The project runs from 2021-2023, is embedded at the Faculty of Education at the University of Cambridge and is funded by the NWO Rubicon Programme.
1. NWO PhD project Humanities 'Duurzame Geesteswetenschappen'
Tina van der Vlies MA (2011-2016)
Historical scholarship and school history: national narratives in Dutch and English textbooks, 1920-2010
A frequent complaint in Western society is that young people are ignorant of the history of their country of residence. Politicians as well as some prominent historians blame school history for not offering a convincing vision of the national past. Most history educators, however, are of a different opinion. Why the relationship between historical scholarship and school history is problematical is not clear. This research project seeks to analyze specific aspects of this relationship: the narration of the nation in history textbooks.
The research question of my project is: How have developments in historical scholarship influenced the construction of national narratives in Dutch and English history textbooks for secondary education between 1920-2010, and what were possible dynamic interactions between scholarship and school history?
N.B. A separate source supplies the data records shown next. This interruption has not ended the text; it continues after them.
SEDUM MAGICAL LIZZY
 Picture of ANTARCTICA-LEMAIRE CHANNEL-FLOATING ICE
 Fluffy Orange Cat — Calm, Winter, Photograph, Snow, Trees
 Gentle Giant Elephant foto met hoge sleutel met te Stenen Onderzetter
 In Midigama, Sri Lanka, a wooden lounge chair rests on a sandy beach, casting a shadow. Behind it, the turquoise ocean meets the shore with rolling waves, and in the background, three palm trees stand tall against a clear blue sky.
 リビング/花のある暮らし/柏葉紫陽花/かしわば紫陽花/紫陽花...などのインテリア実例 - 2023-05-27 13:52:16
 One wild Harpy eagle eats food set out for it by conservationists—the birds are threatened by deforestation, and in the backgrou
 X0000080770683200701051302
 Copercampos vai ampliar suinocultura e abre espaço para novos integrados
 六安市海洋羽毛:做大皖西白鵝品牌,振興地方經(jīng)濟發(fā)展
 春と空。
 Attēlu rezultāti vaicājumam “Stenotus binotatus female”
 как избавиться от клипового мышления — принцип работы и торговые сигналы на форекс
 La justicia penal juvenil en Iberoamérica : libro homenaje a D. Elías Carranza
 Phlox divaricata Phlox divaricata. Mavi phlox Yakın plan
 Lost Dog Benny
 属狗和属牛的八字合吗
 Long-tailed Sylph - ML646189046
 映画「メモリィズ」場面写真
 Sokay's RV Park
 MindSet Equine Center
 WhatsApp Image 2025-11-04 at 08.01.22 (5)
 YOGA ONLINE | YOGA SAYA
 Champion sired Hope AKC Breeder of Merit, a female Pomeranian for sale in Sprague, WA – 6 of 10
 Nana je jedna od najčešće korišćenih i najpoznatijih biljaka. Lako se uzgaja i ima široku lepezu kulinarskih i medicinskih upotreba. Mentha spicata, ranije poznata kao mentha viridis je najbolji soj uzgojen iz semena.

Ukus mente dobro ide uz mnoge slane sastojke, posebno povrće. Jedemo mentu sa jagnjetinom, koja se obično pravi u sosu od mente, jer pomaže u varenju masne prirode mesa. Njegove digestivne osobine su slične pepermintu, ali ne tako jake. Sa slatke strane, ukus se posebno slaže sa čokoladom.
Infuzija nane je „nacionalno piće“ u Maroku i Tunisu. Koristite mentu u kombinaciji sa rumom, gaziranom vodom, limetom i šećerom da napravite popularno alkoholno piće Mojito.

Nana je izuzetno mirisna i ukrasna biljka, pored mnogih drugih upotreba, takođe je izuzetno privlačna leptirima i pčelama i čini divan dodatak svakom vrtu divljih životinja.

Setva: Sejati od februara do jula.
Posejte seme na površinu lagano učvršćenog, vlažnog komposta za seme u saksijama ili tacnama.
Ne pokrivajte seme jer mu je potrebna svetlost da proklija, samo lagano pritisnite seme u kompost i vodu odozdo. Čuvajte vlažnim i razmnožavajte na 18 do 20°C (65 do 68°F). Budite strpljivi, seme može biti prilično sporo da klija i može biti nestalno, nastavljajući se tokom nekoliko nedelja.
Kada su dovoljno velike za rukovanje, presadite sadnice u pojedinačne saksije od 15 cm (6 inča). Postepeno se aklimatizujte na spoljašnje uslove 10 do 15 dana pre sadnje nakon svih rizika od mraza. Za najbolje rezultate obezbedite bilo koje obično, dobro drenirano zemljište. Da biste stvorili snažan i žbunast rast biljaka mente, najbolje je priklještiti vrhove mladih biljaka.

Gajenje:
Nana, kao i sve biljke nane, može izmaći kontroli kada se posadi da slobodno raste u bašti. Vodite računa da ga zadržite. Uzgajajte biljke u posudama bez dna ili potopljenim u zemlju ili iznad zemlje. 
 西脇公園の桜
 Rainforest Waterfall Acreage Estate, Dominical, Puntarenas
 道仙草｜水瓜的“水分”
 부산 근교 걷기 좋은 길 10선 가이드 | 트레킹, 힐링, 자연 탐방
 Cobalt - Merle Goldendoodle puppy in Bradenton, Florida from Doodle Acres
The research period covers major developments since the 1920s, apart from the history profession:
- Global transformations on domestic issues and the public self-image of both countries (since 1920 continuation of colonial framing of both nations; after 1945 de-colonization; in the 1960s a mellowing of nationalism in post-war Europe; since the 1990s re-nationalization).
- National education policies and regulations.
- The rise of educational studies.
- The changing textbook market and emerging new media. The project seeks to elucidate the relationship between historical scholarship and school history. It will investigate continuities and discontinuities in presenting national history in Dutch/English textbooks, and will support teachers by enhancing their insights in the changing contents and standards of history textbooks.
Supervisor: Prof. Maria Grever, CHC-EUR; co-supervisors Dr Stephan Klein, CHC-EUR / ICLON Leiden University, Dr Jacques Dane, National Museum of Education Rotterdam.
Advisory Board: Prof. Carla van Boxtel (EUR/UVA); Prof. Terry Haydn (UK); Prof. Ed Jonker (UU); Joke van der Leeuw-Roord (EUROCLIO).
2. PhD project CHC / HAN
Drs. Marc van Berkel (2011-2015)
Holocaust education in a transforming historical culture. History textbooks and curriculum development in the Netherlands and North Rhine-Westphalia, 1960-2010
In what ways did a developing historical and memory culture in the Netherlands and North Rhine-Westphalia influence Holocaust Education between 1970-2010?
- Historical culture; memory culture.
- Popular historical culture; public history.
- Collective memory: communicative and cultural memory.
- Holocaust; Shoa; Holocaust education.
- Transnational memory didactics.
- History textbooks in Germany and the Netherlands.
- Curricula and policy documents in both countries concerning education.
- Comparative research methods.
- Text book analysis; how and why? (analyzing methods).
Supervisor Prof. Maria Grever, CHC-EUR.